En outre, les ministres et secrétaires d’État seront désormais remplacés par leur suppléant. Ces derniers seront parlementaires à part entière.
Parallèlement à cette augmentation du nombre de conseillers régionaux, les Bruxellois éliront directement six conseillers (flamands) qui ne siègeront qu’au Vlaamse Raad – et qui seront pris en charge financièrement par cette instance.

Blocage des institutions
En 1989, la loi spéciale a prévu que les décisions prises au Parlement bruxellois devaient non seulement recueillir une majorité en assemblée réunie, mais aussi dans chaque groupe linguistique. Depuis, la VGC, un parti pourrait donc gripper toutes les institutions. On pense d’emblée au Vlaams Blok mais, sous la précédente législature, c’est la VU qui utilisa cette arme, quand le ministre Vic Anciaux claqua la porte de l’exécutif.

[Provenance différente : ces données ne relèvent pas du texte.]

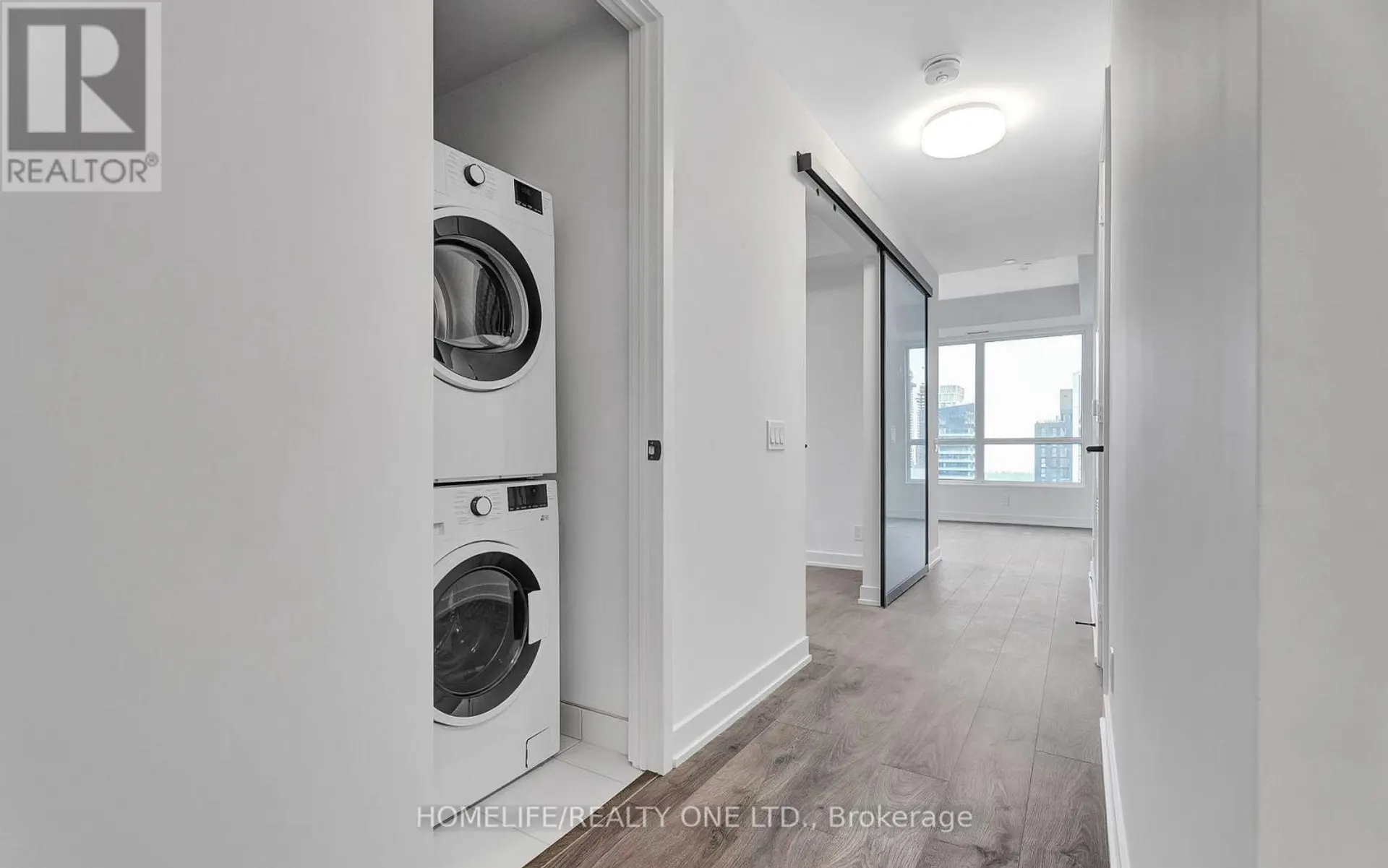 #4106 108 PETER STREET - Image 11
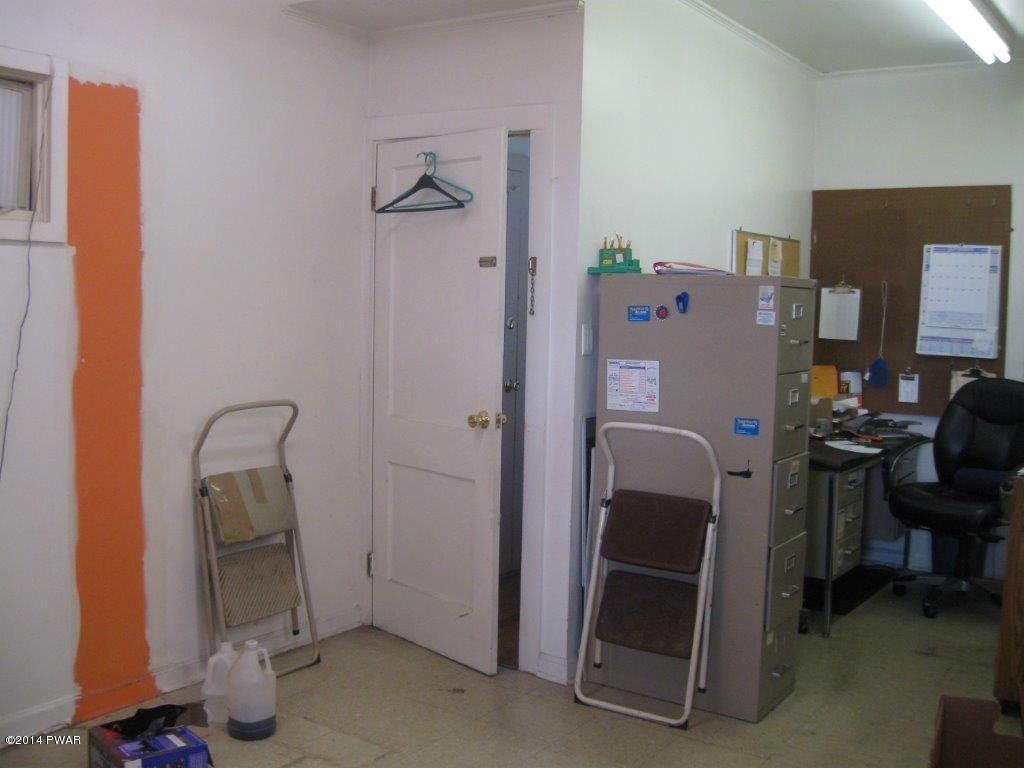 978 Main Street Newfoundland, PA 18445 - Photo 19 of 42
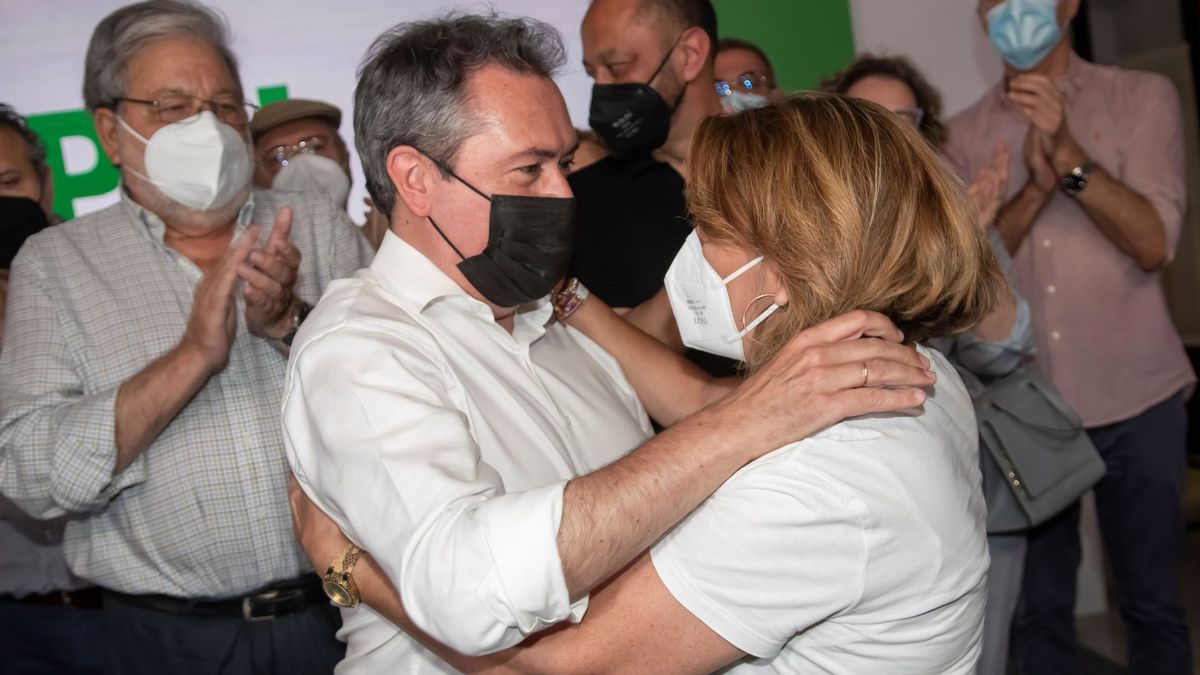 Susana Díaz pacta con Espadas los cambios en el Parlamento pero sigue sin dimitir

Après l’accord de fin avril, si la majorité est recueillie au sein de l’assemblée mais pas au sein d’un groupe linguistique, il sera procédé à un second vote, qui devra toujours recueillir la majorité absolue dans l’assemblée mais seulement un tiers dans chaque groupe. Contrepartie flamande : les ordonnances régionales prises en vertu de la (future, si tout va bien) régionalisation de la loi communale devront être adoptées à la "double majorité" revue et corrigée.

Présence flamande garantie au niveau local
Le compromis stipule que "si, dans une commune, le bourgmestre a été présenté avec des signatures émanant des deux groupes linguistiques, le groupe linguistique le moins nombreux doit obtenir un échevin ou la présidence du CPAS".
Le principe, dit "de l’échevin surnuméraire", acquis par les Flamands en 1988 sans effet contraignant (il est de mise à ce jour, dans 11 des 9 communes), devient donc la règle. Par ailleurs, il y aura une présence néerlandophone assurée dans les conseils de police Les communes jouant la carte bicommunautaire seront financièrement récompensées : un montant d’un milliard sera inscrit à cet effet au budget fédéral.